Borghese Collection (Falda 1691, table 12)?; Inventario Fidecommissario Borghese 1833, C, p. 50, no. 128 (room V). Purchased by the Italian State, 1902.
This head of a woman, mounted on a modern bust of unknown provenance, was entrusted to the sculptor and restorer Massimiliano Labourer in 1828 by Giuseppe Gozzani, the minister of the House of Borghese responsible for the purchase of statues for the new Borghese collection. The bust may have been part of the Villa Pinciana collection as early as the seventeenth century, as it matches a sculpture with a wide sash and gathered up hair in Venturini’s engraving of the decorative facade of the Inner Garden Fountain, which is positioned on an axis with the main entrance to Palazzo Borghese (Falda 1691, table 12). In Antonio Nibby’s guide, the head, displayed in the Hermaphrodite Room, is described as a portrait of Sappho.
The head, with its round, full face and plump parted lips, is set on a modern bust at a three-quarter right angle, as in most known replicas of the so-called ‘Aphrodite Sappho’ type. It is likely that the view from the left was also proposed in the statuary model, thus allowing the viewers to admire the rich hairstyle, held in place by a tainia on the mid-axis of the head and lateral headbands, and ending with the characteristic curl folded at the centre of the forehead.

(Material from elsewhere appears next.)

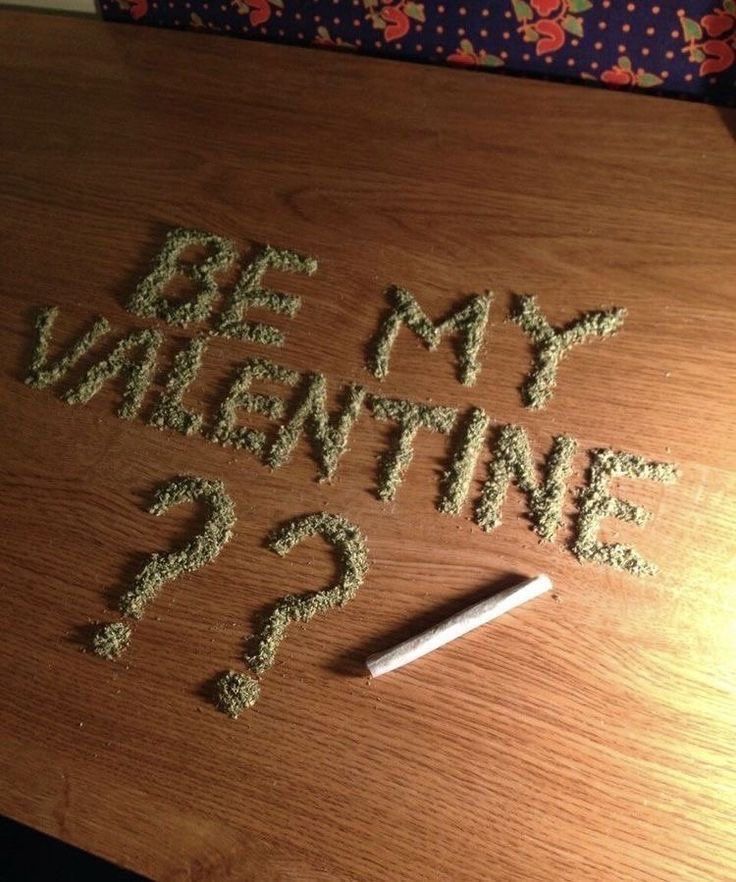 WeedPorns's tweet image. How to ask a stoner out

The head presents the same measurements as a specular statue in the Galleria Borghese collections, to whose object description we refer for details. The definition of the not entirely open thick eyelids, relate this piece to one in the Museo Nazionale in Naples, from Herculaneum and unanimously considered to be the best known exemplary (Gasparri 2000). Technical and stylistic elements indicate the Borghese bust may date to the age of Trajan.